Вторая новелла — Борислав Брондуков. Он еще разговаривает, правда, с трудом, со своей женой, но не двигается. Сидит в кресле с каменным оплывшим лицом. А она намыливает его лицо, накрывает грудь салфеткой, бреет, вывозит в кресле на колесах в садик и все приговаривает: «Я твоя санитарка, звать Тамарка. Тяжело идти, ну, еще немножко, мое солнышко. Благодарим Бога за каждый день». Она держит его руку в своей руке, читает ему из «Кобзаря» Шевченко: «Моя ти доля чорнобрива». Он говорит: «А-а-а…» и пытается подняться в кресле.

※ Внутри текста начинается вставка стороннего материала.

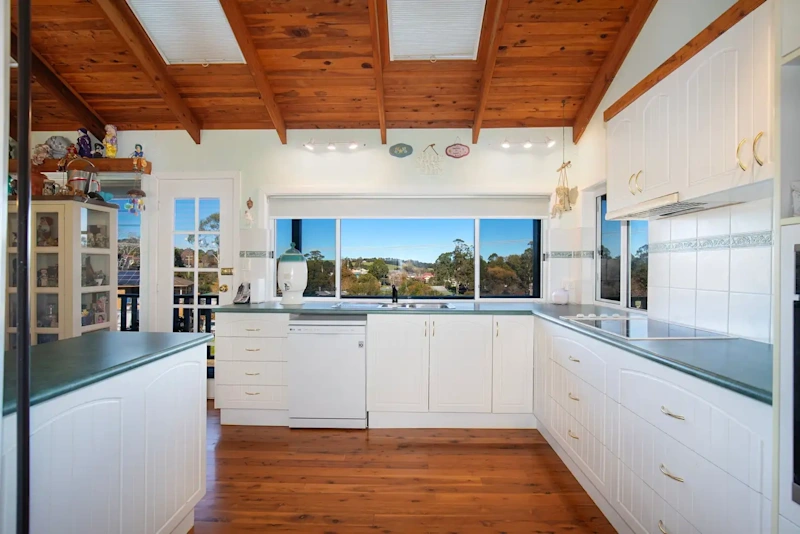 Gorgeous family home offers multi-generational living, close to town, great views!62929683653123113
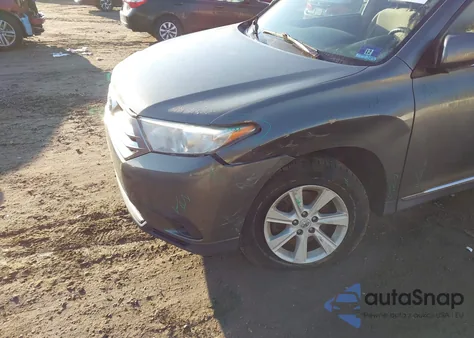 2013 Toyota Highlander Base V6 from USA, damaged, VIN 5TDBK3EH2DS203252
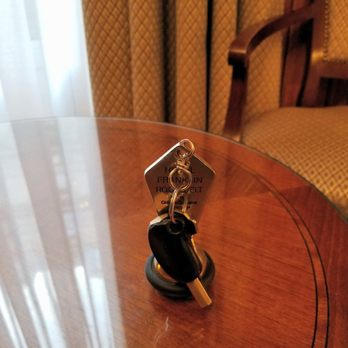 Hotel Franklin Roosevelt - Room key. - Hotels Near Me - Paris, 75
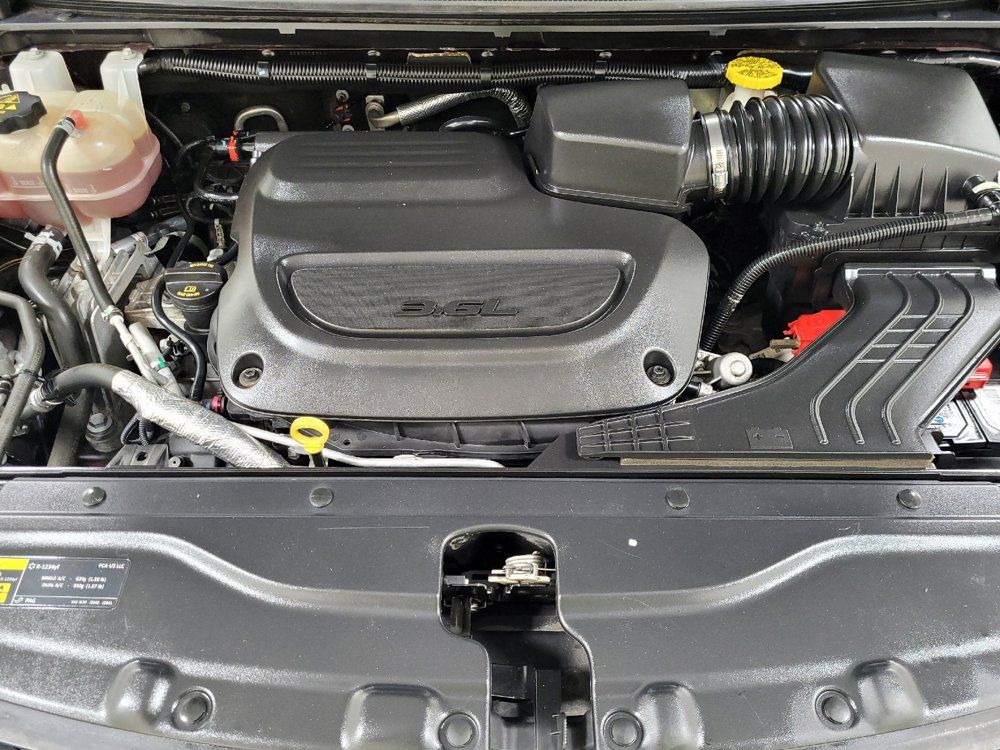 Used 2019 Chrysler Pacifica Touring-L FWD image 30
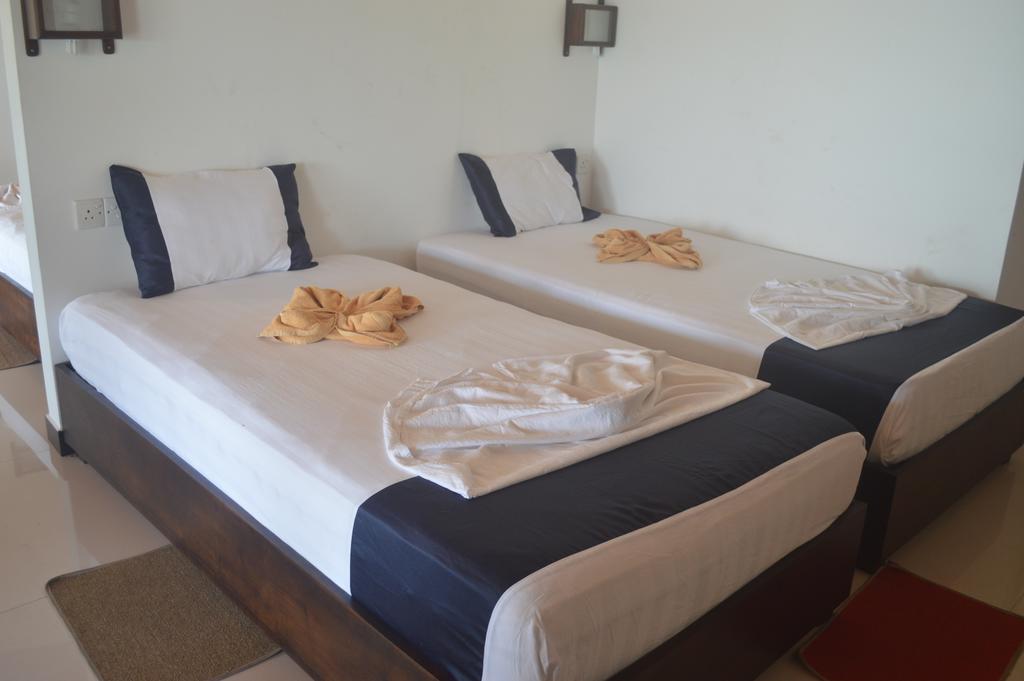 Gayana Guest House Kanattegoda Extérieur photo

А на экране — фрагмент «Каменного креста». За столом, покрытым белой скатертью, сидят молодые актеры Брондуков и Степанков — испуганный вор и торжественный каратель. В фильме — трагедии народной режиссера Леонида Осыки. Третья новелла — Константин Степанков. Он самый старший, но самый крепкий, хоть и с седой бородой. Ходит по кухне, лепит вареники и бормочет сам себе: «Не так люблю iх варити, як iсти, коли сам зробишь — смасно. Так и жiття проходить, не проходить, а пролiтае. Жена по всему миру катается, аж до Сахалина, деньги зарабатывает на семью, а я вареники леплю. (На стене портрет жены Степанкова актрисы Ады Роговцевой. — Л.Д.). Господи, что сделалось с нашим кино, мое сердце разбито». И снова — «Каменный крест». Пронзительные финальные кадры, где на экране каменный холм, внизу стоит, как господин, как хозяин, каменный крест, а на самом верху холма, там, где он уже сливается с небом, различимы фигурки людей, уходящих вдаль от этой каменной и все же такой родной земли.
«Вечный крест» — фильм скорбный, но словно спокойный, без надрыва. Время жить и время умирать. И даже счастье в фильме есть. Это счастье, которое Бог дал нашим героям в тяжелые, мучительные дни, — их жены. Одна зарабатывает деньги на семью «по всему миру, аж до Сахалина». Две другие возятся с безысходно больными, как с детьми малыми: кормят, бреют, читают стихи, напевают песни, шепчут ласковые слова, говорят: «Благодарим Бога за каждый день». Да это просто ангелы. Настоящие ангелы. Они держат за руки своих любимых, каких ни на есть, лишь бы еще день дышали, не уходили. И любимым от этого, наверное, ну пусть хоть немного, становится легче.
«Вечный крест» — последний поклон первейшим талантам украинского кино, пассажирам из прошлого столетия украинской культуры.